Roland Martin’s Speedy Reversal And Apology Rings Really, Really Untrue

A veritable heartbeat after being roundly criticized for posting homophobic Super Bowl tweets—and getting ditched by CNN—professional sound-biter Roland Martin addressed the scandal on-air yesterday and reminded listeners he’s in support of gay adoption, hate-crime laws and the repeal of Don’t Ask Don’t Tell.

What, there was no Pride parade they could make him the grand marshal of?

On Sunday during his Washington Watch segment on TV One, Martin recounted his recent morning meeting with GLAAD communications director Herndon Graddick:

“Over breakfast for over 90 minutes, Herndon shared his thoughts with regards to my tweets and why he deemed them offensive to the LGBT community, and I reiterated my apology that — that if anyone who construed my comment[s] as being anti-gay or homophobic, or advancing violence, that was not my intent, and for that I was truly sorry.

Oh c’mon! The man has a record of gay bashing and homophobia and all we get is the classic “I’m sorry you took it that way”?!?

Martin followed up his non-apology with another old chestnut, the “let’s agree to disagree” canard:

“When anyone has a disagreement—whether public or private—there should be a call to sit down and sort it out, as opposed to both backing into corners, ratcheting up the noise to the point where no one hears one another. That benefits no one.

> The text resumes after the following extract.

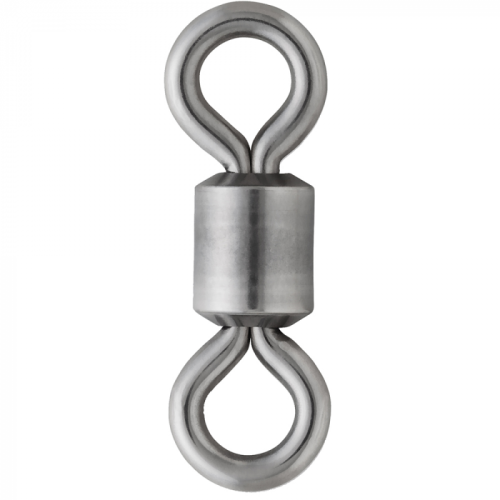 VMC_SSRS_Stainless_Steel_Rolling_Swivel__8VP___50lb_Test__50_Pack VMC_SSRS_Stainless_Steel_Rolling_Swivel__8VP___50lb_Test__50_Pack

“Now, do we agree on all issues? No. But, ironically, I have historically supported many of the issues important to the GLAAD agenda, such as ending [the] ‘Don’t Ask, Don’t Tell’ policy; gay adoption; and including gays in hate crimes laws. Those, folks, are facts. But it is only through dialogue do we get an opportunity to see each other’s perspective and learn what it is like to walk in that person’s shoes

And finally Martin absolves himself of responsibility by claiming he’s “a journalist, not an activist.”

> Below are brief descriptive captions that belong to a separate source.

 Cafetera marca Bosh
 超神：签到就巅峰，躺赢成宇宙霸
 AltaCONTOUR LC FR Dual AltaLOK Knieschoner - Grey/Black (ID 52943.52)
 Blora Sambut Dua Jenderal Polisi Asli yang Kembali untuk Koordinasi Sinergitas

Actually, Roland, you’re a talking head who weighs in on the issues of the day. You make your living on your opinions, not investigative reporting. And as a professional opiner, you should know the impact your words have.

While GLAAD is in dialogue with Martin, the anti-defamation group hasn’t let him off the hook completely. A statement from the group about Sunday’s broadcast read in part:

We live in a culture of 140 characters, sound bites and three-hour news cycles.   Context, and even intent, is often lost. In spite of that, our media, and what is considered acceptable in it, is more important than ever. For better or worse, celebrities and prominent voices in our media set a standard for what is acceptable in the rest of our society.  GLAAD firmly believes that language which could be construed by an audience as inciting violence against LGBT people, people perceived to be LGBT, or members of other groups that face discrimination or prejudice is unacceptable in our media.   Anti-LGBT violence is not a political opinion.

But we have to disagree with GLAAD’s assertion that Martin “took another important step, acknowledging that his words had a negative impact, and making it clear that he understands how serious the issues of anti-LGBT bullying and violence are.”

What Martin acknowledged (to himself anyway) is that his meal ticket had dried up and he needed to offer a little lip service to get it back.